Saudi crown prince once said he could kill King Abdullah in three years, says U.S. businessman

Former Saudi crown prince Muhammad bin Nayef, whom the kingdom’s second heir and successor has put in charge of counterterrorism efforts, once said he could kill King Abdullah within three years, according to the former intelligence official.

The threat to King Abdullah, who died in January, was never carried out, Bin Nayef, then counterterrorism chief, told Ali Shalaby, a U.S. businessman, in 2014 at a Washington dinner.

Bin Nayef, 63, is now the only man in line to succeed King Salman as ruler of the world’s most populous Arab nation, according to Saudi sources, Saudi sources, a Saudi diplomatic source and a Western diplomatic source, all of whom spoke on condition of anonymity.
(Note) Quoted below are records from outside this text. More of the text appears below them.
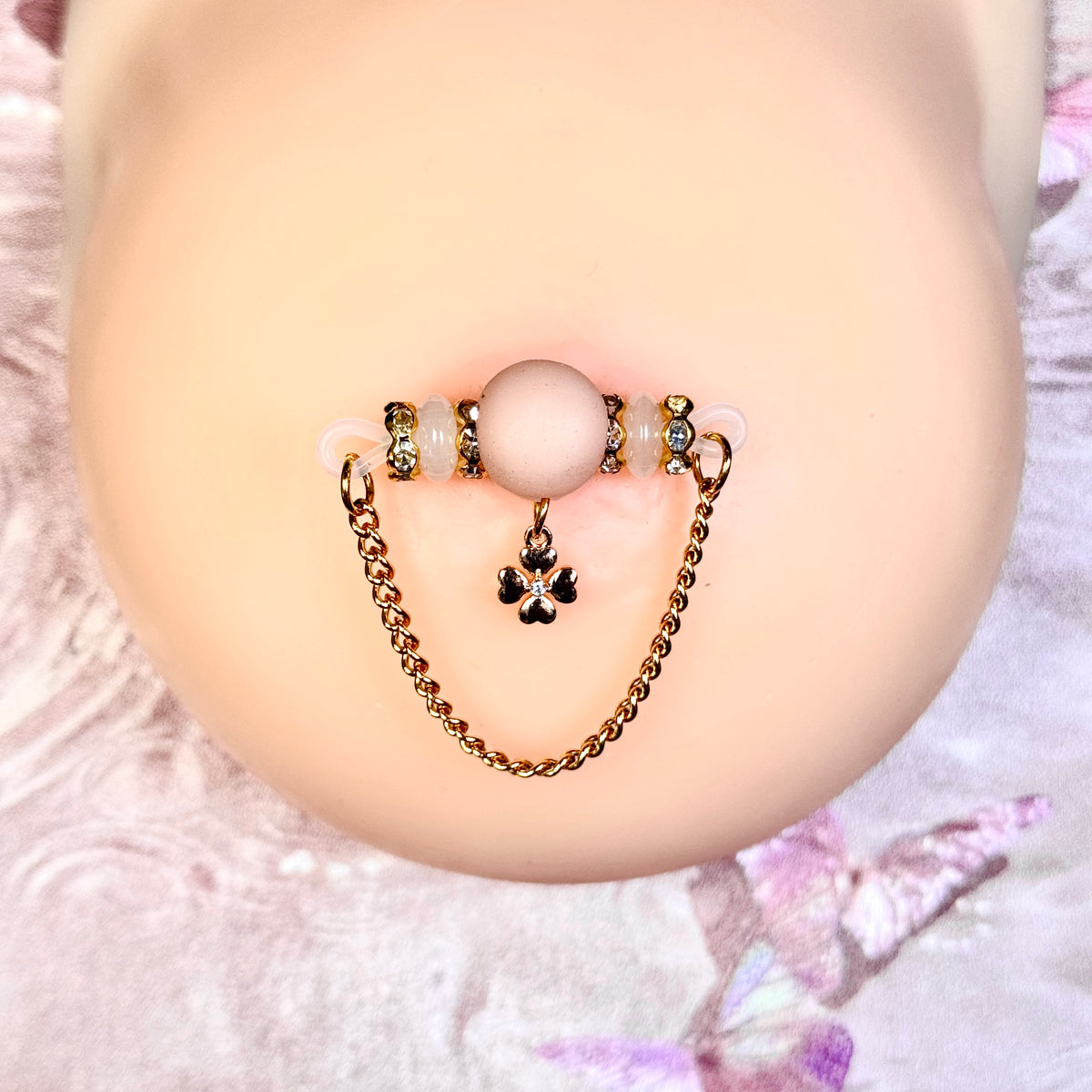 Black Clover Chain Nipple Clamp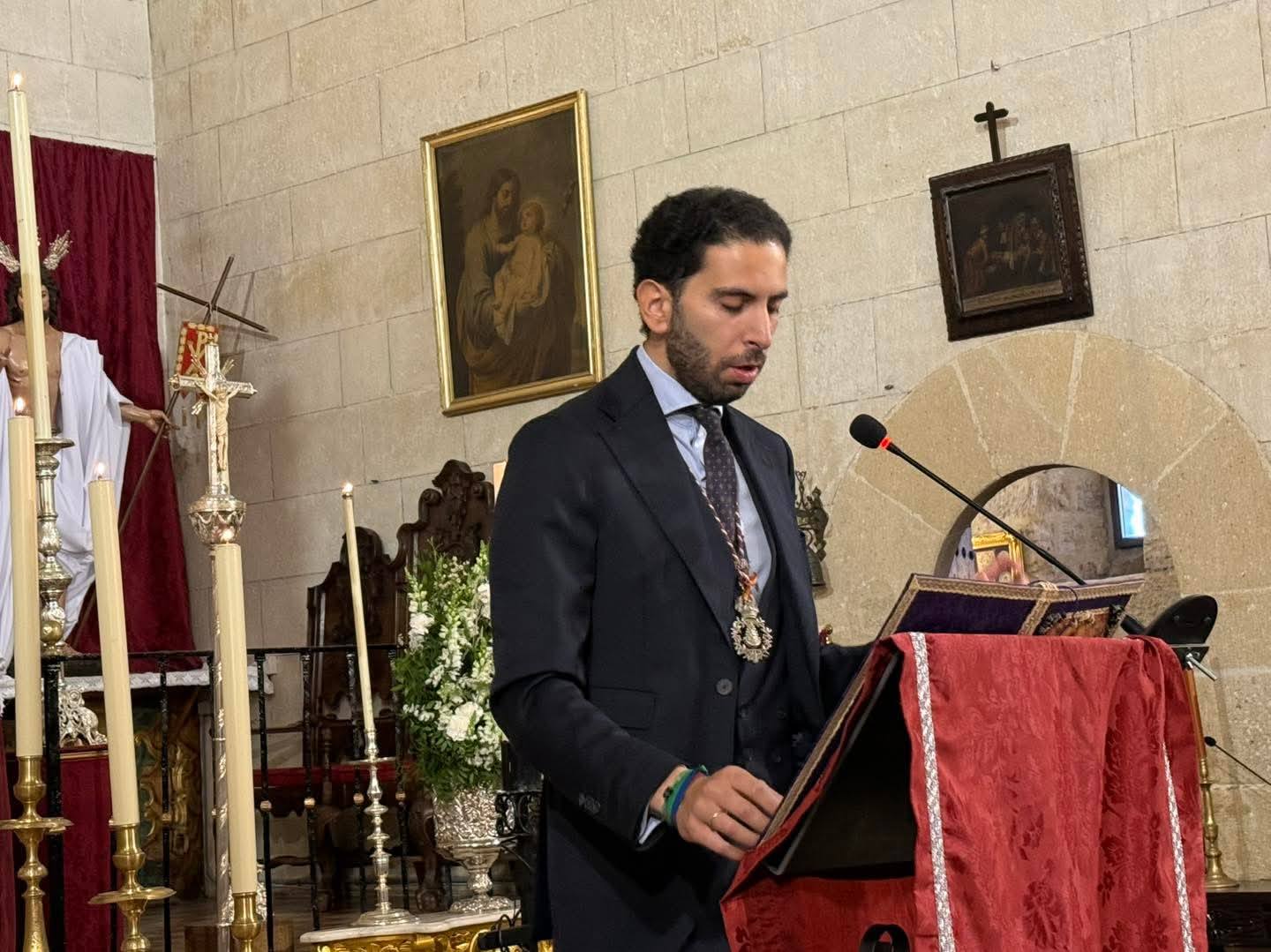 José Muñoz ofrece un sentido pregón a la Virgen del Rocío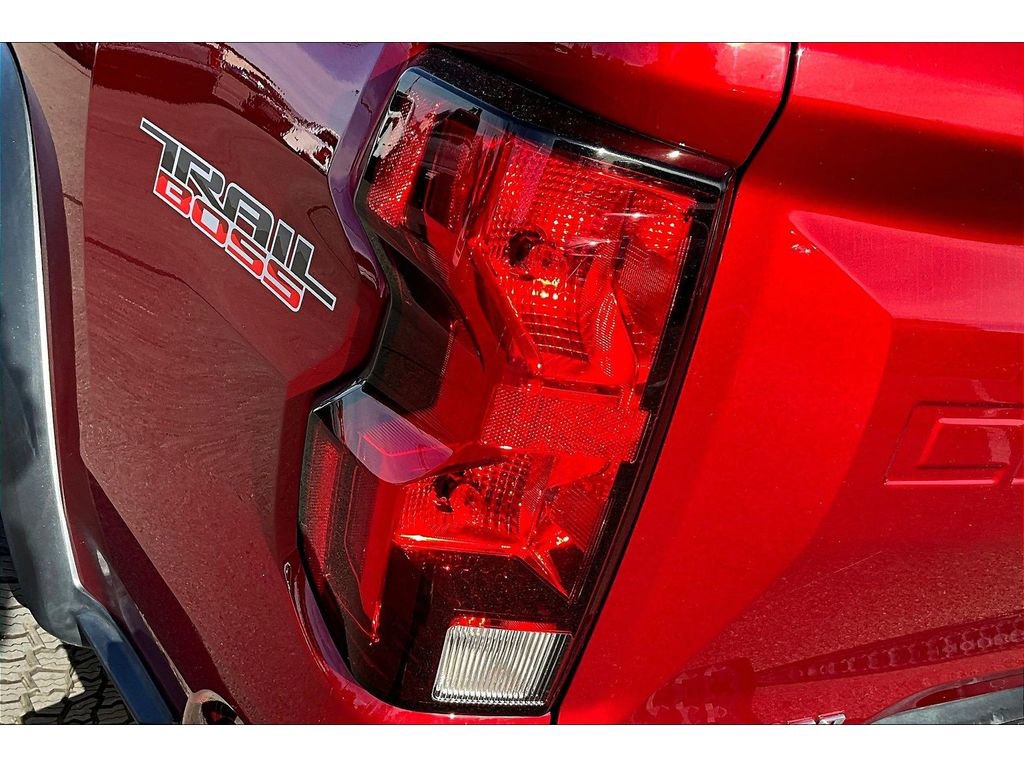 Used 2024 Chevrolet Colorado Trail Boss w/ Technology Package image 23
The Saudis’ modern-day crown prince, who was reassigned from his post as interior minister in early 2015 to a post at the royal court overseeing preparations for the king’s abdication, is known in Washington for his calm demeanor and ability to work across the Saudi political spectrum.

Bin Nayef’s role as the kingdom’s chief counterterrorist officer was made possible after Crown Prince Salman removed his father from that post in early 2015. Saudi officials have not commented on the reasons for the prince’s reassignment.